Pain whether physical, emotional, or psychological, all sorts, are simple facts of life. While dealing with your own pain is a critical part of life, what is just as important is helping others who are hurting. All pain, including physical, comes with emotions of sadness, weakness, loneliness, etc. You can’t fix their physical pain, but you can ease their emotional pain that comes with it. If you have a friend or family member in pain, here are four practical steps on providing them the support they need.
- Listen: People want to be heard. They want to be able to freely share their concerns and cares. Simply letting someone in pain share why they are feeling bad can be a great kindness. At least at first, you should focus solely on listening. The first stage of healing from pain is accepting and processing the hurt. Stay away from direct advice or criticism, and don’t try to talk them out of their hurt. Your goal should not be to ‘fix’ the problem.

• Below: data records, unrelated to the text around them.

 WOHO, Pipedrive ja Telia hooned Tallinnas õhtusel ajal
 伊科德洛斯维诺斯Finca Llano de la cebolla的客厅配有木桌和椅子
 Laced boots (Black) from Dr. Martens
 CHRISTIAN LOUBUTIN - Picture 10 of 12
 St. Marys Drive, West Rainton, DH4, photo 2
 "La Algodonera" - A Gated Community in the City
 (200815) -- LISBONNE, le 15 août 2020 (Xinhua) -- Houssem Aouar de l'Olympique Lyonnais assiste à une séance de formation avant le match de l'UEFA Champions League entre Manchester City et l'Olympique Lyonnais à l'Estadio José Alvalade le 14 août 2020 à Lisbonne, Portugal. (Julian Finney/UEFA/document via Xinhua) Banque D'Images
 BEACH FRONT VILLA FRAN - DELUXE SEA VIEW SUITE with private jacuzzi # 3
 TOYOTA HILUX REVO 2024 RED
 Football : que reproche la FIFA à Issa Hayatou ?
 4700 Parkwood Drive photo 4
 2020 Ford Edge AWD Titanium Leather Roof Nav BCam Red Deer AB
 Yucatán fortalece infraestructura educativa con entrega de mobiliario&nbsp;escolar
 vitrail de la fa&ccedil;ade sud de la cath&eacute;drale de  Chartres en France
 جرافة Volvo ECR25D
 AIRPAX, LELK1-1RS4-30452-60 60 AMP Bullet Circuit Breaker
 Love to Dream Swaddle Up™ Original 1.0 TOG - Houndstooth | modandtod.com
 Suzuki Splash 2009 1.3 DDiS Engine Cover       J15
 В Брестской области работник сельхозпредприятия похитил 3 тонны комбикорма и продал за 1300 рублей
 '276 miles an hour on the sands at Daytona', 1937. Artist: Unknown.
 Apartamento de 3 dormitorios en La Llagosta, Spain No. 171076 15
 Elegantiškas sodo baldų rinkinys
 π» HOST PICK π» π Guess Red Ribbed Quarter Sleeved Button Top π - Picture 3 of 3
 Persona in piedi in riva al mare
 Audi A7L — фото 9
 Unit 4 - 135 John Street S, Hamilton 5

- Use touch: Our bodies are an essential part of what makes us human. We feel better when we can make physical contact with people who care about us — especially in difficult moments. A warm hug is one of the best ways to communicate that you care. Touch provides someone in pain with a visceral sense that they are supported and loved.
- Ask questions: It’s good to ask questions to clarify your understanding of the situation. Asking questions is a way of showing you really do care about what’s causing them trouble. Questions can help a person better understand their own pain, which can be a crucial step toward healing. Pain is often complicated. Exploring emotional hurt in all its intricacies is important to eventual recovery.
- Give advice: You should not offer advice to someone in pain immediately. The first step of the recovery process is to simply experience the pain for a while. Once you have provided support in other ways and understand better what the trouble is, you can begin to offer practical advice on dealing with the source of the problem. Just avoid pat, overly simple advice that dismisses the seriousness of the pain.
Helping someone who is suffering pain is one of the kindest acts you can perform. It is also a necessary part of being a good person. Everyone must try to care for those they love when those loved ones are hurting. This moral imperative is why learning how to better support a person in pain is so important.